This is going to be a very unusual review for me, wherein I will gush praise for a self-published series.
I read these about a month ago, during a brief period of unemployment. There are currently six books in the series, with the final seventh volume due out toward the end of the year.
I found these books while looking for a warrior-woman story. I ended up getting a warrior teenager, but she grows up quickly, so I shall not quibble with that. I absolutely devoured these first three books. I didn’t continue reading only because I like to take books in series three at a time. I plan to start reading the series again in September, and hopefully the last book will be coming out by the time I am ready for it.
At the center of this story is Princess Katherine, who is the only daughter among five brothers who are all warriors. She wants nothing more than to be a warrior as well, but that is forbidden to women in her kingdom. She lives in a castle that is fortified with some sort of long-forgotten magic, and which is home to the Octagon Knights, of which she longs to be a part.

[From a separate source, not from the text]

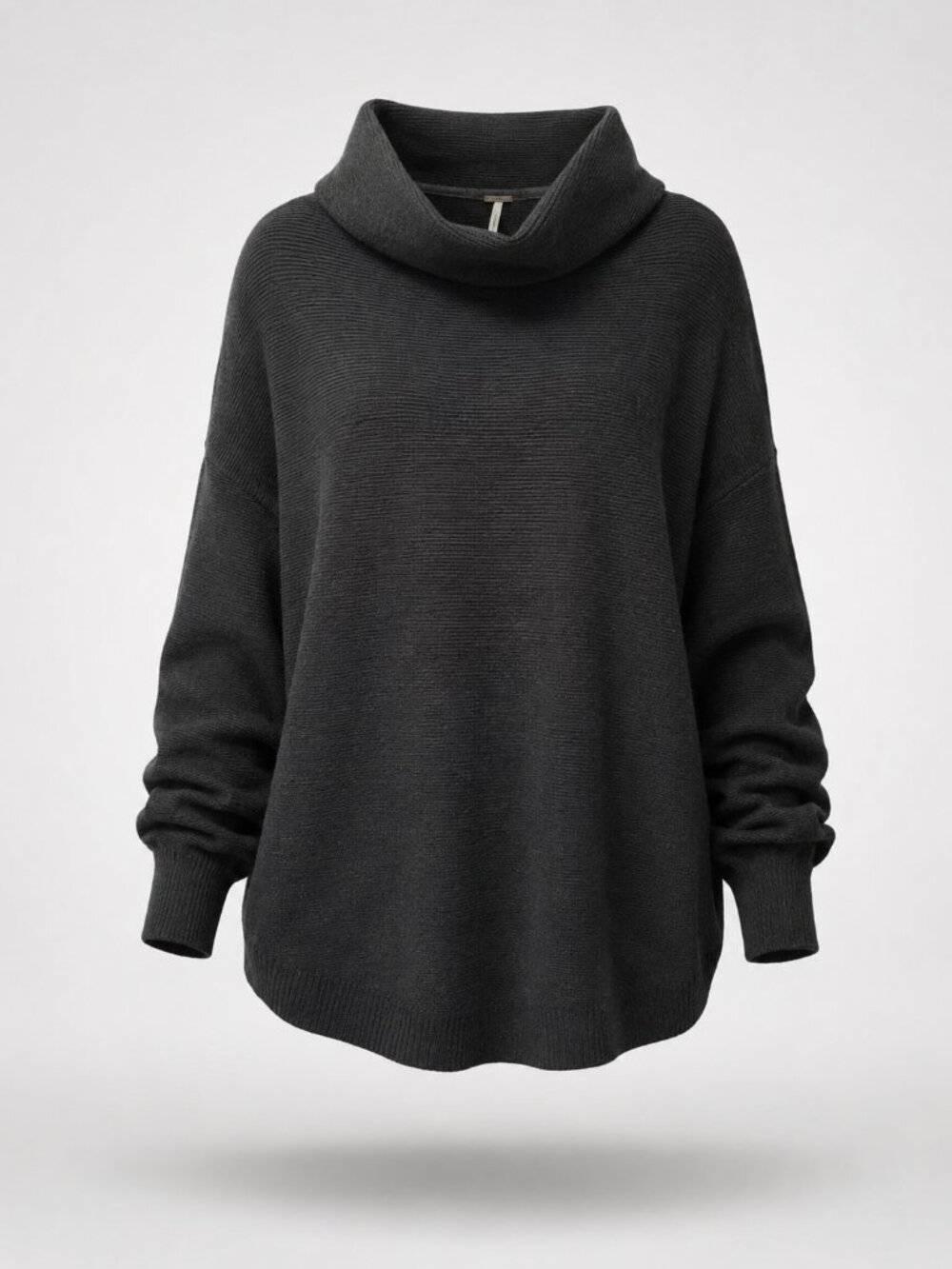 Free People Oversized Funnel Neck Tunic Sweater Cozy Quiet Luxury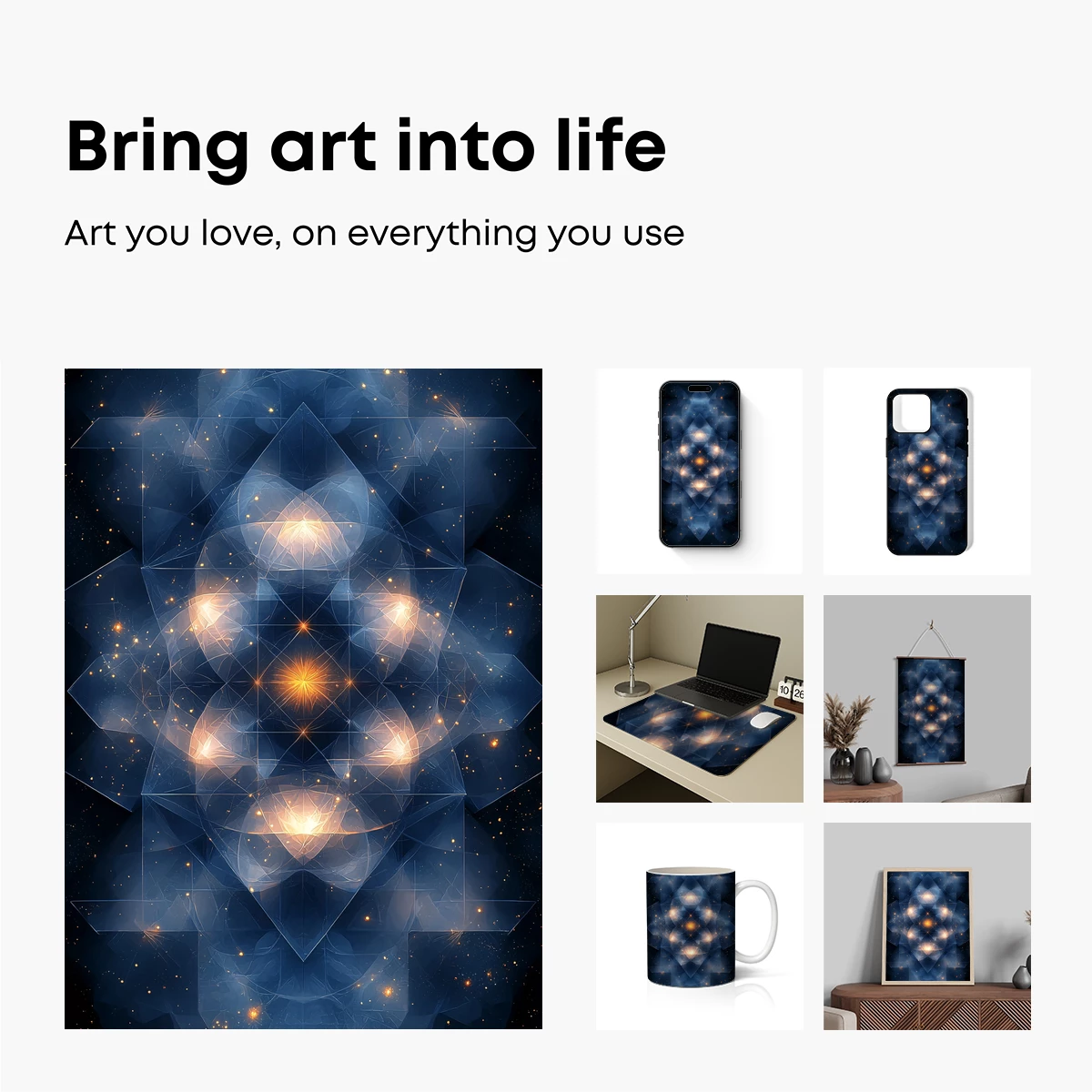 Geometric Galaxy Symphony - Image 2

The story begins when she tricks a newly-made knight into promising to train her as a warrior.
Meanwhile, something evil is wakening. Twenty or thirty years earlier, the Mordant has his executioner kill him so that he may be born again. His rebirth is due, and his kingdom is stirring. A messenger comes south out of his lands with a warning, but the only one who listens to his cryptic message is Kath, and the reader doesn’t find out what it means until book 3.
It’s hard to write about three books without spoiling book one and two. So I’ll speak in general terms.

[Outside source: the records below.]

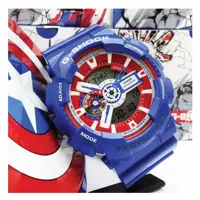 ساعت  مچی جی شاک GA110 کاپیتان (جیشاک GShock) ، صد در صد ضدآب ، تنظیم اتوماتیک با پایتخت کشورها، اتولایت دار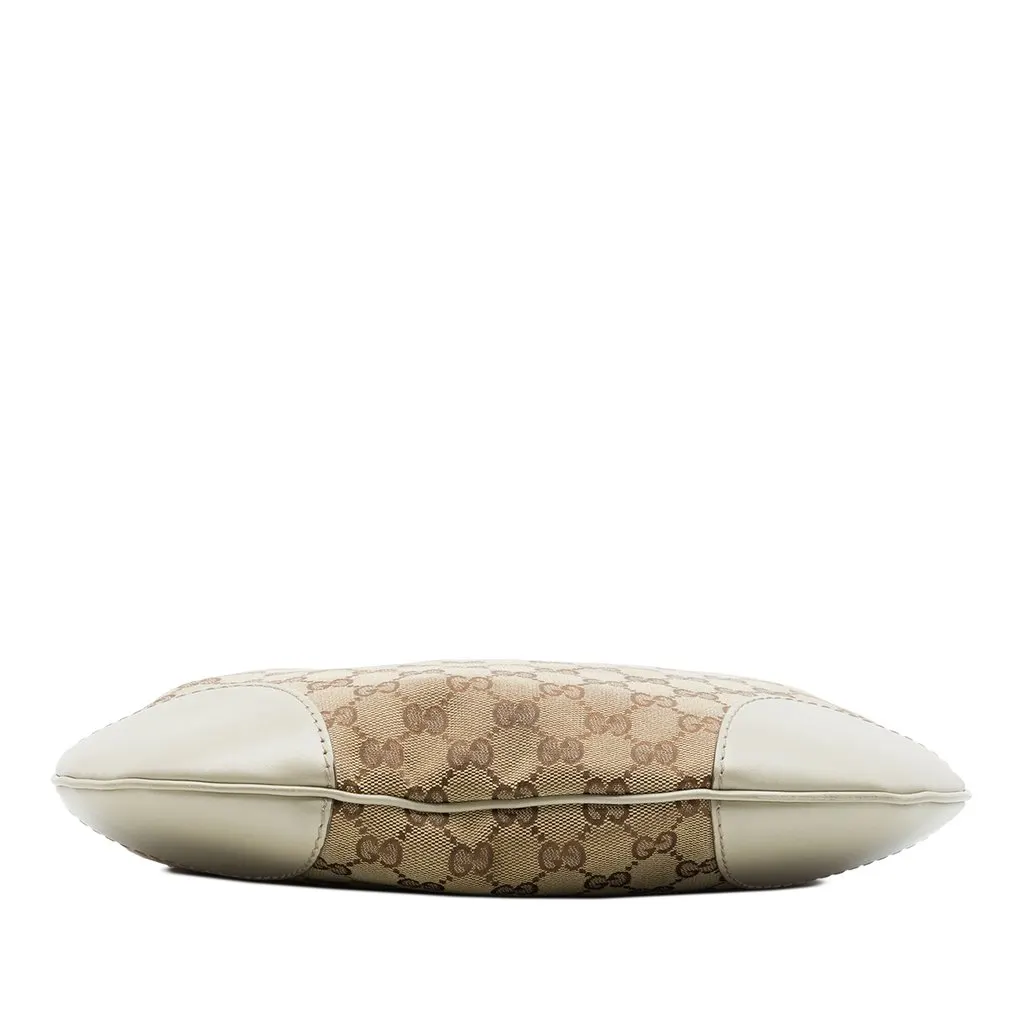 Gucci GG Canvas Web Mayfair Crossbody Beige Very good - Inside View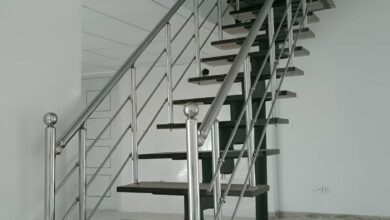 نرده استیل بالکن با طراحی مدرن
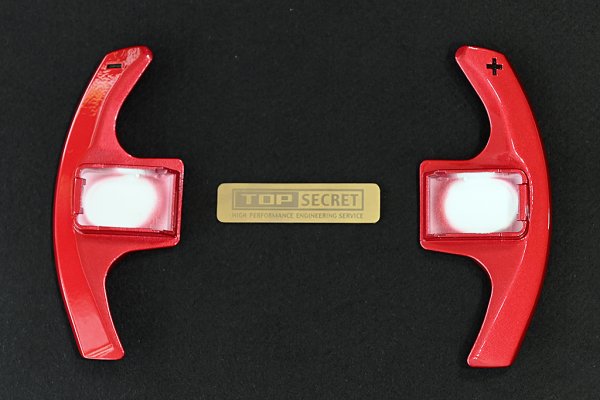 TOP SECRET M17 PADDLE SHIFTERS RED WITH BLACK MARK FOR NISSAN GT-R R35 TOP-SECRET-00138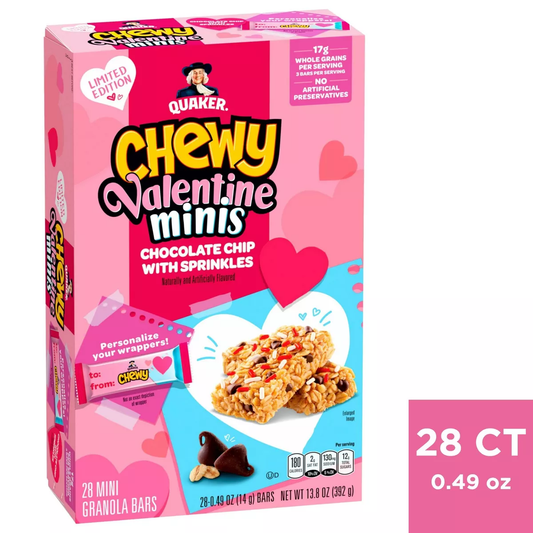 Quaker Valentine's Chewy Chocolate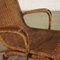 Armlehnstuhl aus Korbgeflecht und Bambus, Italien, 1950er 6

First–these characters are great. Ms. Azinger can really get behind the eyeballs of her characters and make you feel what they feel. The evil characters seem unstoppable, and the good characters are playing constant catch-up. The deities of the evil characters give them all sorts of advantages, and the good characters seem to be hopelessly left in their dust. Or, in their trail of bloody body parts.

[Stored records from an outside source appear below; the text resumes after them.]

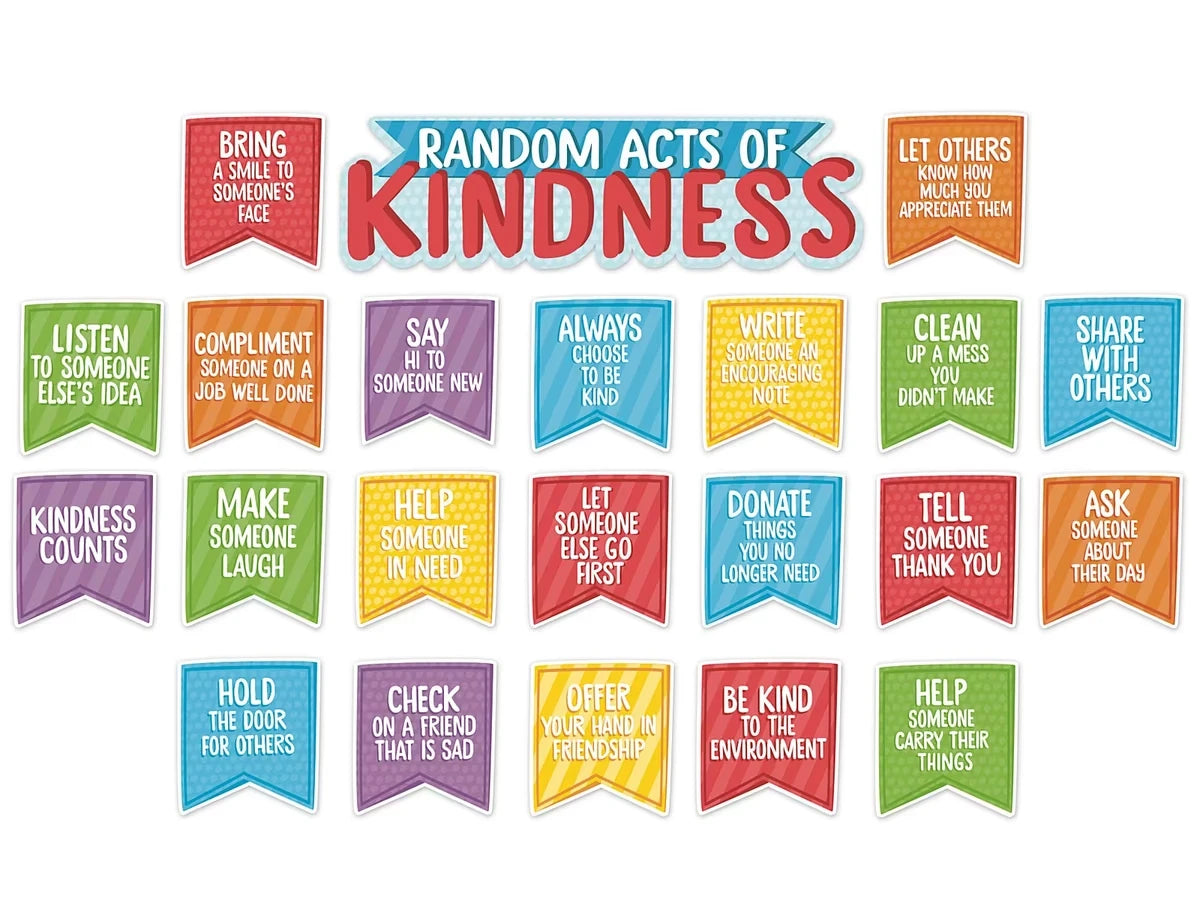 Random Acts of Kindness Bulletin Board Set - US 6228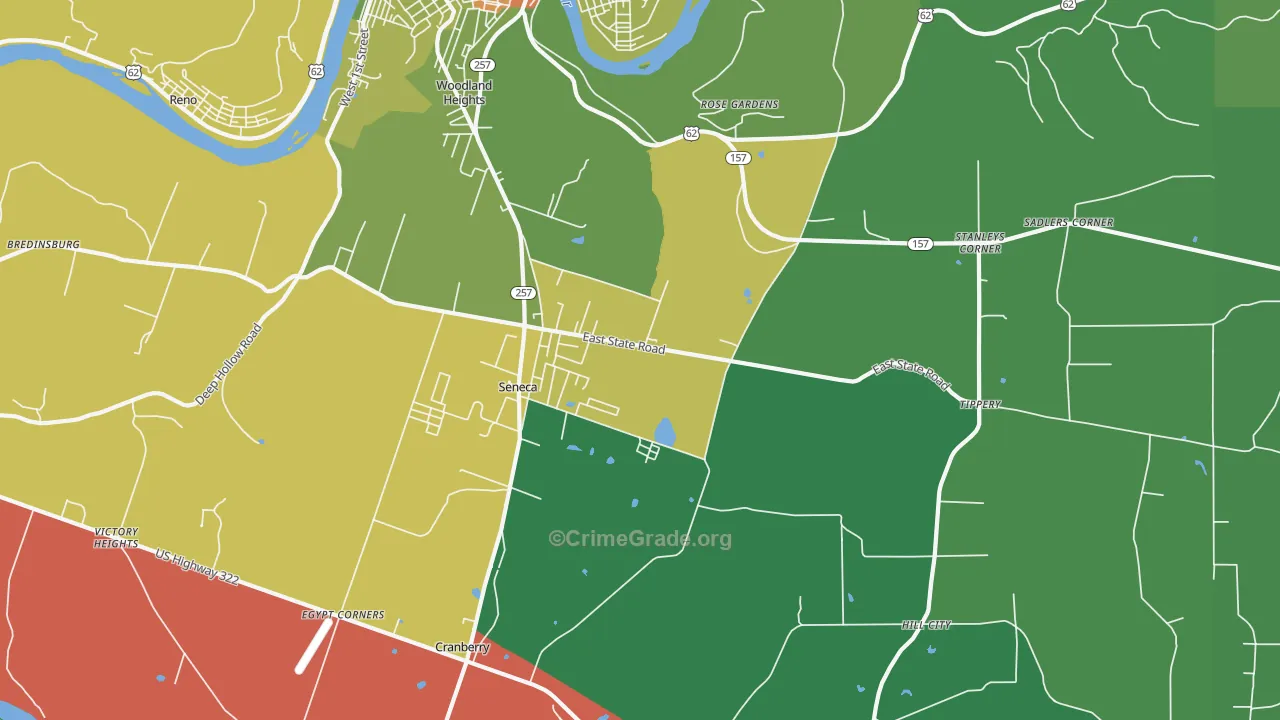 16346, PA Map of Theft Rates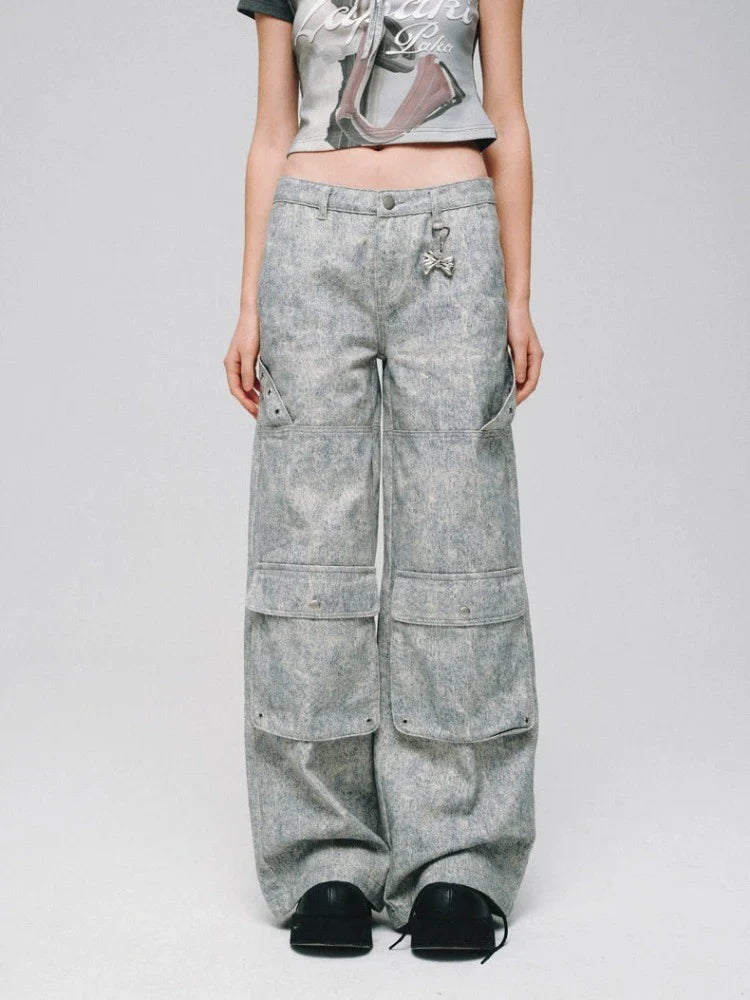 Low waist shapework denim pants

And the plot has some of the most unique elements I’ve read in a long time. Sure, the over-arching plot of the dark lord is familiar, but the execution is fresh. For example, the Mordant is a harlequin, which is a soul that has been reborn over and over because he has pleased his evil deity with his dark and bloody deeds. And once he is reborn, he has to get back to his old kingdom and prove who he is by passing all these tests that he, himself, devised. In the meantime, other, younger harlequins–and one harlequin wannabe–are trying to out-do each other with their evil-deeds-doing in order to please their deity so they might be reborn again. And as the reader, you don’t know about the secret harlequins, the identities of which, once revealed, are devastating.
The story is told from multiple viewpoints that include two warrior princesses, a bard prince who ventures into an evil theocracy, his native guide from the theocracy, an archer who travels with one princess but falls in love with the other, two Octagon Knights, the queen of a wealthy and powerful nation, her evil son, a candidate harlequin who ventures into the evil theocracy to make it even more evil, and of course, the Mordant, and more.